Inequality in the size of coupling coefficients arises naturally in Capsule Networks. If we consider Capsule Networks an ensemble of weak learners, the secondary capsules are not supposed to treat all primary capsules equally in considering their signal as an evidence for presence of an object of a particular class in the image, so they have to weight them to achieve specialization.

Another way to look at routing in capsule networks is through the Hebbian learning lenses. Routing, especially routing-by-agreement, is conceptually similar to the idea of Hebbian learning25: “neurons that fire together, wire together”. In case of Capsule Networks, connections between primary and secondary capsules that give large scalar product between weighted output vectors grow larger with the training time. Such behavior also leads to larger connections between well learned class capsule and its primary counterparts, and to smaller connections otherwise.

This behavior is closely related to “polarization problem”13: tendency of Capsule Networks to converge to a single route from primary to class capsules during training.

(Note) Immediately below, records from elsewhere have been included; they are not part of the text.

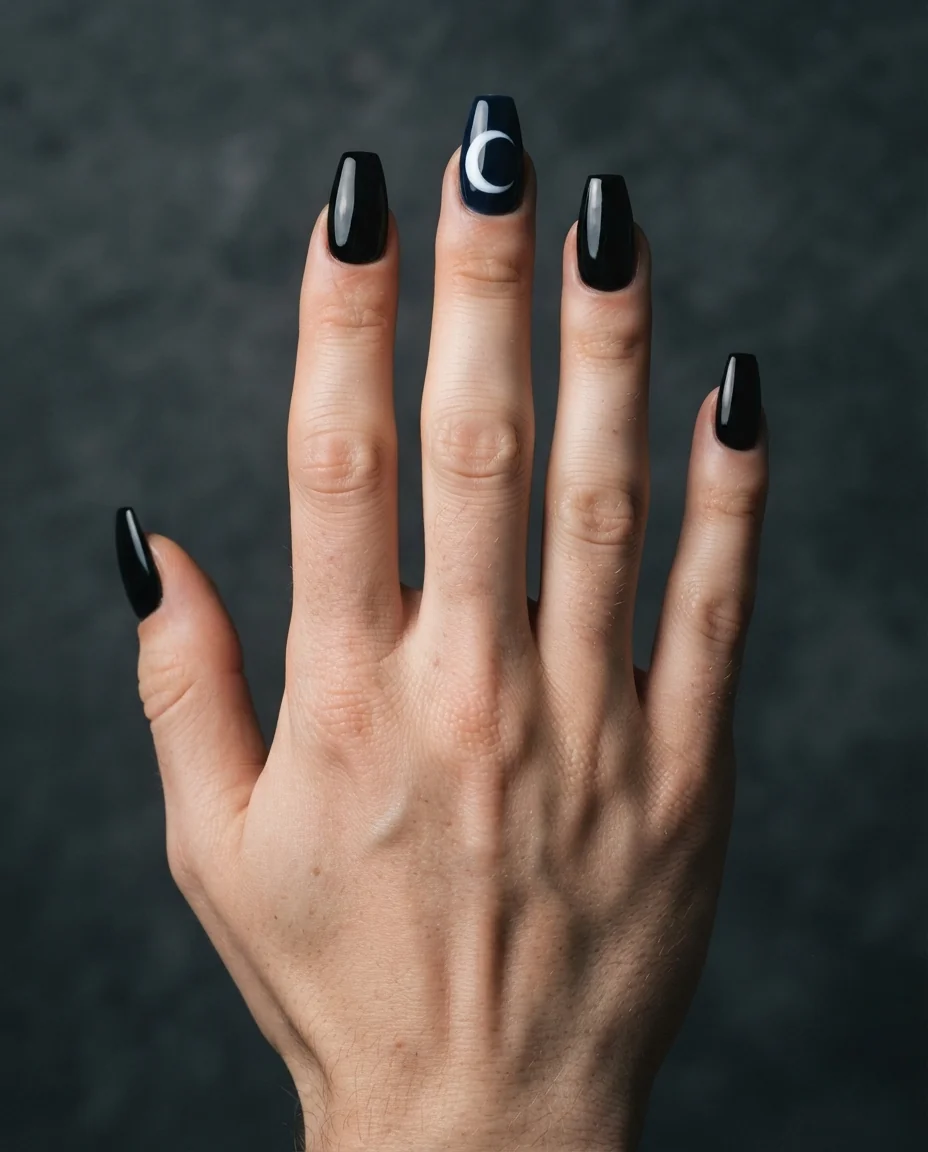 Midnight Miniature on Obsidian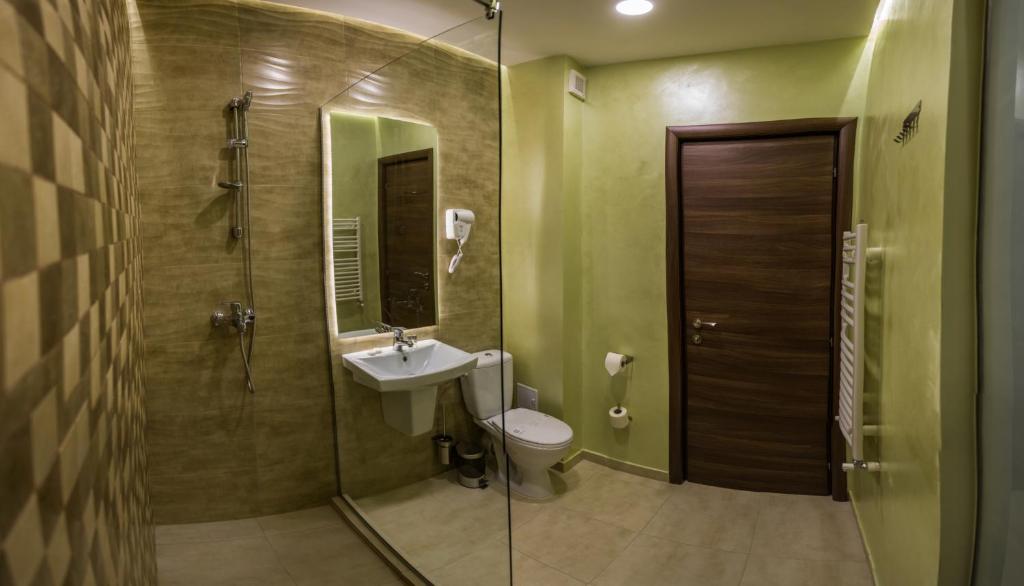 Koupelna v ubytování Monopoly Hotel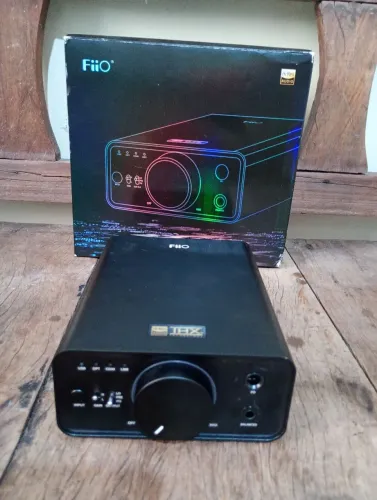 DAC e amplificador de fone de ouvido Fiio K7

While it could be a problem for usual classification, polarization seems beneficial for anomaly detection—we observe lack of polarization as the inequality in couplings, we can catch it, measure and use as an anomaly detection tool.

Our inequality-based approach extends the previously proposed metrics based on differences in class probability. It shows an advantage over the competing methods, especially on real-world datasets we considered. We have tested our approach on MNIST-like benchmarks and two complex real-world tasks: skin malignant lesion detection and CRISPR off-target cleavage identification. The experiments show that the proposed methods perform significantly better than other Capsule Networks-based anomaly detection metrics and baselines in most cases. For rather simple datasets (MNIST-like except CIFAR10), in the case of high imbalance (0.1% outliers), the economic inequality methods perform below the anomaly and normality measures though, but it doesn’t happen with more complicated datasets. We hypothesize that there are two possible reasons for such pronounced superiority of Palma and Gini coefficients. First of all, information averaged away by other methods seems actually helpful for solving imbalanced classification. Secondly, there is an inherent inequality within the computations of the network formed by the statistical differences between the abundance of rare and common classes, and this inequality gets exploited by Gini and Palma coefficients which can be seen as ways to indicate the class rareness.

An obvious direction for future studies would be replication of the current study with models based on different routing mechanism (OptimCaps routing26, EM routing27, spectral capsules28, attention-based routing29 and others). We predict that the results would be close since the inequality in connection strength is a necessary outcome of a Hebbian-like learning approach (and it is typical behavior in ensemble learning). Another direction is the further exploration of inequality’s nature and the invention of other metrics based on various aspects of it.